Segundo Euclides da Cunha, apoiado em documentação da Coroa portuguesa, desde 1713 existiram vários decretos tentando coibir a prática de atear fogo em áreas florestais com fins agropastoris.[1] Conhecida como “queimada”, essa prática destrutiva foi largamente utilizada pelos diversos povos indígenas que habitavam há milênios o futuro território brasileiro. Contudo, os portugueses elevaram o potencial destrutivo das queimadas a outro patamar graças ao seu estilo de vida sedentário, à cada vez maior densidade populacional e a uma economia voltada para a produção, compra e venda de excedentes.

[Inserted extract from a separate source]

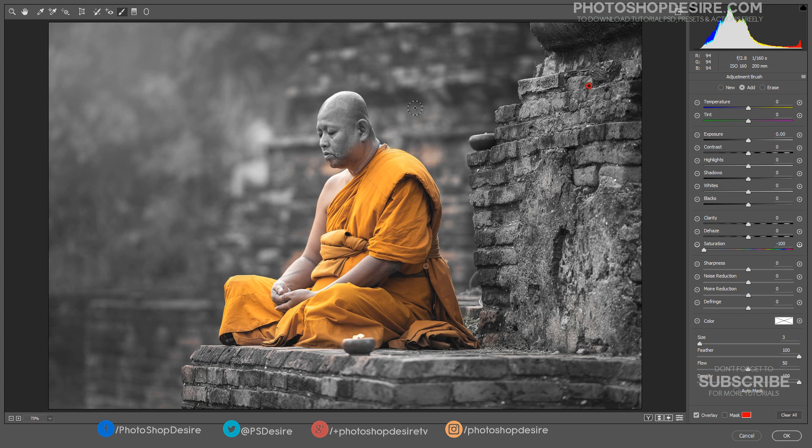If you accidentally paint over something you want to keep, switch to the erase mode and go back over that area until you get it right. Or simply press Ctrl+Z to undo the step.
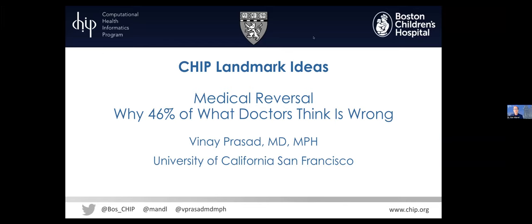Let's get started. Greetings everyone and welcome to the CHIP Landmark Ideas Series. Today we'll be hearing about medical reversal, why 46 percent of what doctors think is wrong.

Cunha fez uma descrição pormenorizada da região que sediou a guerra de Canudos, talvez a descrição mais detalhista que temos notícia. Ele enumerou as vicissitudes daquela natureza hostil e ambivalente. Períodos longos de secas mortais contrastavam com momentos curtos de chuvas torrenciais e uma transmutação surpreendente da paisagem. Mas nem todas as adversidades dos sertões ficavam por conta da mãe natureza. Uma parcela dos estragos cabia aos filhos sertanistas e aos sertanejos: os gananciosos desbravadores junto aos humildes moradores. “Deu um auxiliar à degradação das tormentas, o machado do catingueiro; um supletivo à insolação, a queimada.” (CUNHA, 2018, p. 49)

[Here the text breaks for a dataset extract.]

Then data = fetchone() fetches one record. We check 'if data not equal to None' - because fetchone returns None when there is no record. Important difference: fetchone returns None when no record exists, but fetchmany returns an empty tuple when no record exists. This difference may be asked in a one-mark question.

O mais interessante foi a percepção atualíssima de Cunha em sublinhar a importância do fator humano nas mudanças ambientais. Não menos instigante foi notar essa mesma percepção nas ações da Coroa portuguesa quase dois séculos antes de Cunha! A mesma Coroa que não estimulava o desenvolvimento técnico-agrícola da Colônia ficava alarmada com os efeitos da técnica herdada dos indígenas e seu uso indiscriminado pelos colonos. Cunha salientou também o processo de desertificação do solo assim como a associação entre a alta variação de temperaturas com a ausência de cobertura vegetal. O jornalista chega a sugerir uma solução para os dramas sertanejos a partir do exemplo da Tunísia que teria um ambiente similar e tornou-se mais amigável à vida humana após um conjunto de intervenções hidráulicas[2]. Claro, intervenções humanas, não divinas.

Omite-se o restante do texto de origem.